My own personal experience has taught me to give a benefit of doubt to Court rulings, until they have been subject to judicial review, on appeal and otherwise.
Now, as it is reported in the media, Court based its decision on two counts to nullify the by-election:
- Nalukoola broke the law by campaigning on election day.
- Electoral Commission did not tally votes for 14 polling stations affecting 16,640 registered votes.
- An informed, objective opinion on whether the judge erred in law can only be arrived at following a thorough examination of what evidence was adduced in court by both parties; as well as the content of the pleadings of both parties.
- What evidence did the flag bearer of the National Resistance Movement, Faridah Nambi, adduce to Court as proof that Nalukoola broke the law and campaigned on election day?

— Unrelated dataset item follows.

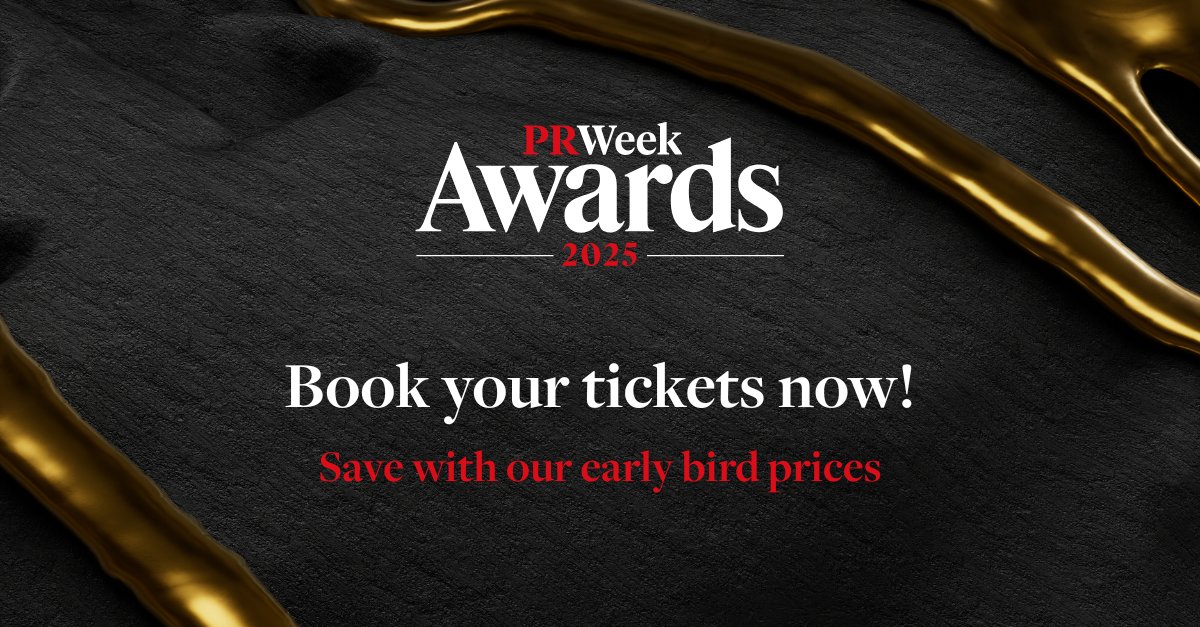 PRWeekAwards's tweet image. Now that your PRWeek Awards 2025 shortlist is out are you ready to celebrate?
Secure your tickets to the biggest night in PR ➡️ shorturl.at/eOI2J
Early bird prices available until Friday 8 August - don't miss out! 🚨 💰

- What evidence did Nambi adduce to Court to prove the Electoral Commission did not tally votes for 14 polling stations, and if it had she had a chance to win?
- What evidence did Nalukoola adduce to Court to refute the allegations made against him by Nambi, that he campaigned on election day?

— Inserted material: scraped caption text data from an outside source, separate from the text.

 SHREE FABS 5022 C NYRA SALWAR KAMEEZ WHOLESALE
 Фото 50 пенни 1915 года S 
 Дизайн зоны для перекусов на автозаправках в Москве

- What evidence did Nalukoola adduce to Court to support his claim that even though the Electoral Commission did not count and tally votes from 14 polling stations he would still have won?
- Anything else outside of these four questions, my experience as a litigant tells me, does not count. I learnt so, when I was in a similar predicament as Nalukoola, albeit very different circumstances.

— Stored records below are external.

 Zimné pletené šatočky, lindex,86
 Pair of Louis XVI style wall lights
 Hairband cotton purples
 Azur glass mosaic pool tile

- In my case, a judicial officer, a Deputy Registrar, ruled against me and declined to grant me Court ordered protection; and went further to dismiss my main suit, without hearing it.
- My legal team, Okalang Law Chambers, with Counsel Allan Ogoi in the lead, were swift in calling me in, briefing me, and filing an appeal.
- And it is from reading the Court ruling on my appeal that my appreciation was further enhanced of the absolute importance of having good legal representation from legitimate members of the Bar.
- In my appeal case, Court found the Deputy Registrar had erred in law when he ignored the evidence contained in the case pleadings. The appellant judge ruled:
- “In my view a judicial officer should study the pleadings before him or her to enable him or her to formulate an opinion.”
- So, on appeal, the pleadings of both Nambi and Nalukoola will be studied, in order to determine if the presiding judge based his ruling on them. And that he did not smuggle in evidence not presented to him in the pleadings of litigants.
- It is possible, as it was in my case, for a judicial officer to base a Court ruling on evidence not in the pleadings of litigants.
- It is my conviction, indeed, that in my case the presiding judicial officer attempted to legalize this illegality by conducting a locus in quo last minute.
- The appellant judge ruled:
- “In the considered view of this Court, the decision by the learned Deputy Registrar to conduct the locus in quo after parties had filed their submissions was appalling to say the least, more so where the matter was reserved for a ruling as indicated on the record of proceedings.”
- As in, both sides had rested and the Deputy Registrar had given us a date and time for the legal teams to receive the Court ruling. When the time came, the Deputy Registrar instead threw us a curve and ordered for a locus in quo.
- At this point, I believe the spirits of my ancestors, whose graves the Deputy Registrar and his team drove past and walked past were angry and activated.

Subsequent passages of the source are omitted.